Ele me disse algo que não consegui ouvir, balbuciei palavras que nem mesmo eu compreendi, ele me sorriu, neste momento me senti em pêlo diante dele, como se tivesse pela primeira vez observado de verdade alguém diante de mim, meu nascimento se deu ai. Nos despedimos de uma forma infantil, envergonhada, como se quiséssemos ficar. Andei alguns metros, acho que cambaleava, pelo menos sentia minhas pernas bambas, ouvi alguém chamando por alguém atrás de mim, não havia nenhum nome no chamado, apenas um “hei!”, mas eu sabia que era para mim, parei, me virei, ele trazia um pedaço pequeno de papel na mão e me disse que achava que aquilo era meu. Não olhei o que era, fiquei marmorizada olhando para aqueles olhos, ele me pediu desculpas mais uma vez e saiu, um sorriso de menino no rosto, tive a impressão que também ele havia nascido naquele momento.
A tarde me foi estranha, dei aulas praticamente como uma máquina. Perguntaram-me diversas vezes se estava tudo bem comigo, eu respondia que sim, com um sorriso congelado no rosto, o olhar perdido no calçadão, meus pensamentos e meu corpo não se encontravam naquela tarde, por mais que eu tentasse.

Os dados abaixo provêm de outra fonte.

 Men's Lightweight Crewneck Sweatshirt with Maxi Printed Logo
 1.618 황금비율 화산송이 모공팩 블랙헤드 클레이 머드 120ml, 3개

Cheguei em casa cansada, atirei as coisas em cima do sofá da sala como sempre, tomei banho, esquentei o almoço do dia anterior no microondas, parecia tudo tão igual a todos os dias, mas não, agora eu sentia uma presença ao meu lado, não, não havia mais solidão no meu apartamento, em mim, eu nascera. Peguei a roupa que havia usado durante o dia e vasculhei os bolsos antes de colocar na cesta de roupa suja, no bolso de trás da calça jeans surrada um cartão, aquilo aqueceu minha mão, me despertou um sorriso mágico, era o papel que ele havia me entregado, não havia caído das minhas coisas, era o cartão com seu nome e telefone. Fiquei sem saber o que fazer, joguei as roupas na cesta e fui para sala admirando aquele pequeno pedaço de papel como se fosse uma obra de arte. Acabei adormecendo no sofá, o cartão debruçado sobre meu peito, dormiu comigo.
Acordei com meu corpo formigando, aquele sofá nunca foi o melhor lugar da casa para se descansar, olhei o cartão sobre meu peito, não quis pensar, não quis dar qualquer chance para me avisar de nada, peguei rapidamente o telefone e em segundos ouvi os toques de chamada, tremia, ansiava. Uma voz masculina atendeu, perguntei quem era, mas meu coração já havia reconhecido, ele se identificou e eu a mim, rimos de nosso nervosismo, marcamos de nos encontrar no almoço.
Minha infância, adolescência, juventude e velhice se passaram em 10 meses, desde aquele almoço, de tantos outros, de tantos jantares, de encontros marcados e desmarcados, de noites esperando e dormindo sozinha, de telefonemas que não pude dar, de promessas de amor que ouvi, de perfumes que não pude usar para não deixar rastros, de rosas que enchiam meu apartamento do vermelho lindo que éramos nós dois juntos. Vivia uma vida clandestina, como de todo aquele que nasce bastardo, mas como era feliz! Mesmo quando as lágrimas rolavam de saudades, de ciúmes, de saber que aquele corpo adorado estava ao lado de outro em outra cama, em outra casa, que não era a minha, mas que era a dele com alguém que nasceu antes de mim. Sempre havia a hora da chegada, o cheiro que ficava nos meus lençóis para me reconfortar, mesmo que eu soubesse que estava tudo tão errado, meus olhos cegos enxergavam uma única certeza: amanhã ele estará aqui e só haveremos nós.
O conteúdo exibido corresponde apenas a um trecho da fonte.